Thailand public health authorities have dismissed claims made by New Zealand 60 Minutes that the widely-used chemical agent chlorpyrifos is behind the deaths of a number of tourists at the Downtown Inn in Chiang Mai earlier this year.
The New Zealand current affairs programme, supported by United Nations scientist Dr Ron McDowall, made the claim in an episode titled To Die For, with Dr McDowall saying he believed the dead Chiang Mai tourists had been killed by an overzealous fumigator who’s been acting on the instructions of the hotel owner to deal with bed bugs.

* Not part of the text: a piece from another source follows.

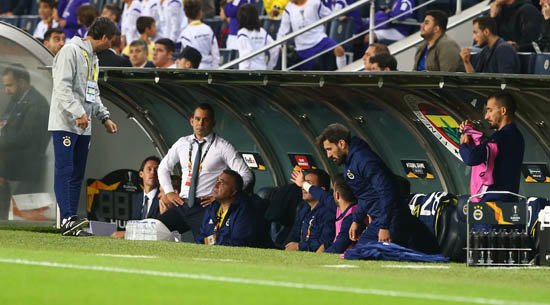 'Fenerbahçe'de yedek kulübesinde kriz! Mehmet Topal ve Valbuena...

Dr McDowall said he had consulted with other experts in New Zealand and Italy and all agreed the likely cause of death of the seven was from excessive exposure to pest control chemicals.
Chlorpyrifos not the cause of Chiang Mai tourist deaths
However, a statement issued by the Department of Disease Control (DDC), Ministry of Public Health (MOPH) and the Chiang Mai provincial authorities, titled ‘International toxicologists consulted in Chiang Mai tourist deaths – Update 3‘ said ‘toxicology experts had reviewed the available evidence and discussed several possible causes involving toxins and chemical agents as a cause of death.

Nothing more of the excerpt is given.